If you vomit after taking a dose of crizotinib, do not take an extra dose. The next dose should be taken at the regular time.
Sometimes it is not safe to use certain medications at the same time. Some drugs can affect your blood levels of other drugs you take, which may increase side effects or make the medications less effective. Medications that may interact with crizotinib include:
1.Strong CYP3A inhibitors, such as clarithromycin, erythromycin, diltiazem, itraconazole, ketoconazole, ritonavir, verapamil, goldenseal, and grapefruit. Avoid concomitant use
2.Strong CYP3A inducers, such as phenobarbital, phenytoin, rifampicin, St. John's Wort, and glucocorticoids. Avoid concomitant use
3.CYP3A substrates where minimal concentration changes may lead to serious adverse reactions.
Crizotinib can cause serious heart problems. Your risk may be higher if you also use certain other medicines for infections, asthma, heart problems, high blood pressure, depression, mental illness, cancer, malaria, or HIV.

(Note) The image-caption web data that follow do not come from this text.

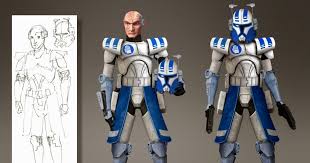 Clone force 99 member echo is deploying into action with this highly detailed and realistic 12. The Star Wars Underworld The Clone Wars Bad Batch Arc To Be Screened At Celebration Anaheim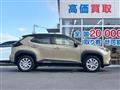 2021 Toyota Yaris Cross
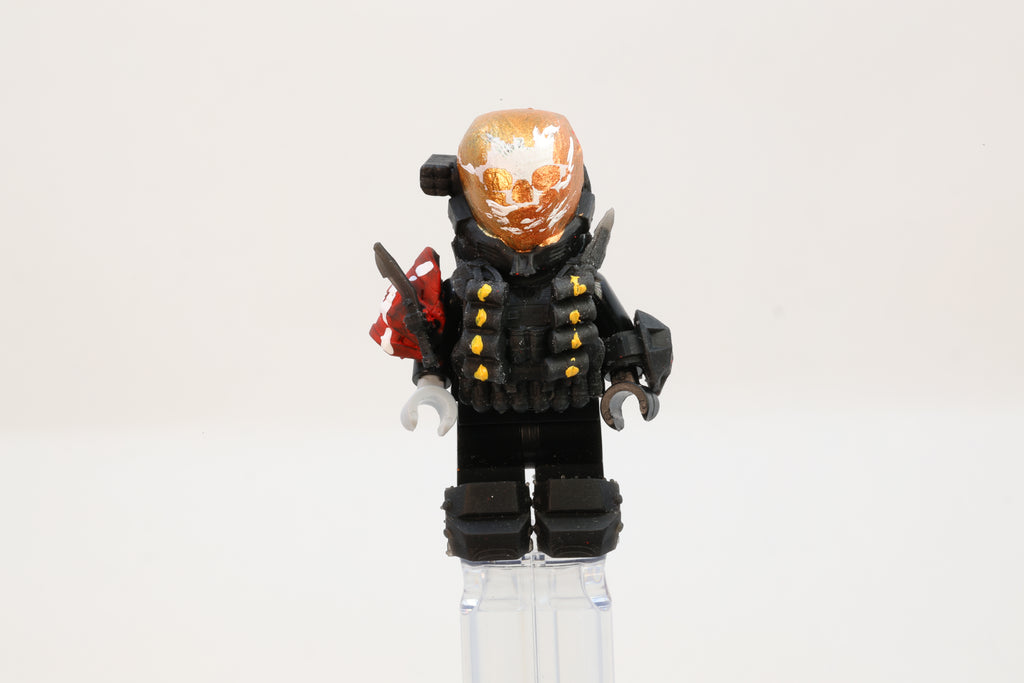 Skull Noble Super Soldier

Not all possible interactions are listed here. Tell your doctor about all your current medicines and any medicine you start or stop using.
Store at room temperature 20° to 25°C (68° to 77°F); excursions permitted between 15° to 30°C (59° to 86°F).
Crizotinib (Xalkori) is an oral kinase inhibitor that may be used to treat:
1.Adults with non-small cell lung cancer which has spread to other parts of the body and is caused by a defect in either a gene called ALK (anaplastic lymphoma kinase) or a gene called ROS1. An ROS1 error occurs in about 1 percent of people with NSCLC, while and ALK error occurs in about 5 percent of cases.
2.Children aged 1 year and older and young adults with anaplastic large cell lymphoma (ALCL) that is ALK-positive. It is used when the ALCL has returned or when a treatment has been tried and it did not work or is no longer working.
3.Adults and children aged 1 year of age and older with ALK-positive inflammatory myofibroblastic tumors (IMT). It is used when the IMT cannot be surgically removed or has returned, or when a treatment has been tried and it did not work or is no longer working.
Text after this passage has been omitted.